Ces deux modes de pensées conceptuelles, quant à l'après-mort, remontent à la nuit des temps et leurs apparitions, en tant que corpus, transparaissent des mythes les plus anciens, qu'ils soient Egyptiens, du Mohenjo-Daro, de Summer, des Upanishads ou de la Bible... Ils reposent tous sur la croyance ou le souhait d'une survie possible « agrémentée » de récompenses liées au projet de vie et à la manière dont il a été mené et postulent une « entité » susceptible de « passer d'une existence à un autre », ou d'attendre un temps indéfini pour qu'à la fin des temps....
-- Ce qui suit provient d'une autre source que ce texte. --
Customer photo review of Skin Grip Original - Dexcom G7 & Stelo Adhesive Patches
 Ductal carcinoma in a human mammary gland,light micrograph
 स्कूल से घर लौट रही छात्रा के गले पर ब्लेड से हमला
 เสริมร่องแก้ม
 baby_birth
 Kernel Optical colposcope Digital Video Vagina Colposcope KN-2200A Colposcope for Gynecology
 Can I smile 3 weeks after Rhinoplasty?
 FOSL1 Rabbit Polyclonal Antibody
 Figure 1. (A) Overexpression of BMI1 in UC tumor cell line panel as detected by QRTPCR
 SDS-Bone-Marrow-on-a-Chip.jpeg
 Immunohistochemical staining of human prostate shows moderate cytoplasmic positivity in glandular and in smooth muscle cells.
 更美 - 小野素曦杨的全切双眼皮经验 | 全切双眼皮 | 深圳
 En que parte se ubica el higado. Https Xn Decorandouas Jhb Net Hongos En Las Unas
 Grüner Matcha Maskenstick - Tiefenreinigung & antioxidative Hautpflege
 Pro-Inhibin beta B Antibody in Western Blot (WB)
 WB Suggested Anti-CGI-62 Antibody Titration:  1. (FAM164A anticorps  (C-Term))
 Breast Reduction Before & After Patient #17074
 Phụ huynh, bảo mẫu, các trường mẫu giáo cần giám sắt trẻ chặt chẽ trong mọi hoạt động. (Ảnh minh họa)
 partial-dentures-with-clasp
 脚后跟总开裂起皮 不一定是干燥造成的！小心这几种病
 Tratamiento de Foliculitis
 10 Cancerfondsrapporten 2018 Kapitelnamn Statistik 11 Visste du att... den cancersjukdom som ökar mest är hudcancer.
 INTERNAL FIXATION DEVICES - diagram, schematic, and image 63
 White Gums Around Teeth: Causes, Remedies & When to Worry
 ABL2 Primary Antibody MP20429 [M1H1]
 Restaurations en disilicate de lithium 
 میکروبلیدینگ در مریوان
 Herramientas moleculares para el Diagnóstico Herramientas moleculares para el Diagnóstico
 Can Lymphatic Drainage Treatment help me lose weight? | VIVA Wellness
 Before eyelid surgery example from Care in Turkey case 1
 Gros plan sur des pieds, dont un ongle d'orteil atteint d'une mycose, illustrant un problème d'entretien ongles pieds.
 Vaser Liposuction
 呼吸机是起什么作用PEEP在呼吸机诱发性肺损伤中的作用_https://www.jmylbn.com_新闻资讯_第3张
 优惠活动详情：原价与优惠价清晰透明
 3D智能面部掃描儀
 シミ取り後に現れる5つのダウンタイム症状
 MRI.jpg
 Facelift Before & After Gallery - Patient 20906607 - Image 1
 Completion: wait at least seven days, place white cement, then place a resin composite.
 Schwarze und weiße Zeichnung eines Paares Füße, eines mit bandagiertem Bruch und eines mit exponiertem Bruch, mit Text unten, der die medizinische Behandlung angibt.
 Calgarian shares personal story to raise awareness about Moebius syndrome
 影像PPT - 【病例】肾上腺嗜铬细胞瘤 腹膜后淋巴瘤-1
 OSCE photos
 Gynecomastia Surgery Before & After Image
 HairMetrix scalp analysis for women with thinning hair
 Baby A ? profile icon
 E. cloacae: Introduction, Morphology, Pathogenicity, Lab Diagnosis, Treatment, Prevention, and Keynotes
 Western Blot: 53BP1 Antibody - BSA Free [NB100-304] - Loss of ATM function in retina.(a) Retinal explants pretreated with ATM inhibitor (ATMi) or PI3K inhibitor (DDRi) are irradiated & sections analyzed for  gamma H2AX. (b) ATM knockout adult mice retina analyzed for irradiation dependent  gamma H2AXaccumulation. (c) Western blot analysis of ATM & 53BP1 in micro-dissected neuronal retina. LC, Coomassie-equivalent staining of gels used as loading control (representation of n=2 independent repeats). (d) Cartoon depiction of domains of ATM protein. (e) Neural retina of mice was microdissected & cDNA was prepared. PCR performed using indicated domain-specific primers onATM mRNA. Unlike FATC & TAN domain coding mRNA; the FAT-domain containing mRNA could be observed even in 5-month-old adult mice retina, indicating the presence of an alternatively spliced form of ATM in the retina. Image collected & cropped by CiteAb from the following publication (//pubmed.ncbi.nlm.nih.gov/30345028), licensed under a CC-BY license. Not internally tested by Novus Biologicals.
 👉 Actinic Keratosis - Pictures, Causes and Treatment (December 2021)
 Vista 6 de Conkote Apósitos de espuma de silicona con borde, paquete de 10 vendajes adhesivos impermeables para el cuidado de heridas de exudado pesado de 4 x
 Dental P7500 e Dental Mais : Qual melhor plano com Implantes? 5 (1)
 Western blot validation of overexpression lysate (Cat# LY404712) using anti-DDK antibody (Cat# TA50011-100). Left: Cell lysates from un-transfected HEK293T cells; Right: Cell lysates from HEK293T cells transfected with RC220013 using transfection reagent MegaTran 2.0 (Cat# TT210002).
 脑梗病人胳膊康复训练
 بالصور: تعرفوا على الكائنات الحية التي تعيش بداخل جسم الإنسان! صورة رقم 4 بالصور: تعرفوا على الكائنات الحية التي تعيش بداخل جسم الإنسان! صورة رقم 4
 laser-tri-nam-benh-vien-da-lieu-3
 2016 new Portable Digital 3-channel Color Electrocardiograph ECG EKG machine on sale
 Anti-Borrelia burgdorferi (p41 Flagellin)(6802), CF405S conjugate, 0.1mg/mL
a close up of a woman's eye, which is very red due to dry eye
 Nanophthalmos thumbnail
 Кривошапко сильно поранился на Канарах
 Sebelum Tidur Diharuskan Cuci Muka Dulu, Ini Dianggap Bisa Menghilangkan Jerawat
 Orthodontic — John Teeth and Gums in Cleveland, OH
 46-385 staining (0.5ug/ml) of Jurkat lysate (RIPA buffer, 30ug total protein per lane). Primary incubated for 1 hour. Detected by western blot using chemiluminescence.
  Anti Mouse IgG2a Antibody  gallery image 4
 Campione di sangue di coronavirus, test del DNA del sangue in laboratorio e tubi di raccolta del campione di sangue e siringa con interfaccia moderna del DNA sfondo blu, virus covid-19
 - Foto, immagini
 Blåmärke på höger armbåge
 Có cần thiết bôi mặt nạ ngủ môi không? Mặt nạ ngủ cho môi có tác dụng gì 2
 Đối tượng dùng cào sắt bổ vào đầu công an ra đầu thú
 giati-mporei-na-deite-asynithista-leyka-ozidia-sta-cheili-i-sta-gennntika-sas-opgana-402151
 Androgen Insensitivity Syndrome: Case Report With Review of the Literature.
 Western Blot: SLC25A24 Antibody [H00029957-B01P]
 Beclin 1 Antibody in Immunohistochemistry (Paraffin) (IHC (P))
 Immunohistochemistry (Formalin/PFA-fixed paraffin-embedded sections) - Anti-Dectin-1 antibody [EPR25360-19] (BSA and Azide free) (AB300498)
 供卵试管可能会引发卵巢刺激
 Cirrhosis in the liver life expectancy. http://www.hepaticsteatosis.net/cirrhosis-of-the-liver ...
La résurrection est-elle compatible ou incompatible avec la réincarnation ou n'en est-elle que la version moyen-orientale et occidentale? La mort et la résurrection de Jésus, de même que la réincarnation sont-elles des faits patents, indépendemment de la foi qui les accréditent, en droit « observables » ou seulement des « moyens habiles propres à mener l'homme /individu vers la transcendance ?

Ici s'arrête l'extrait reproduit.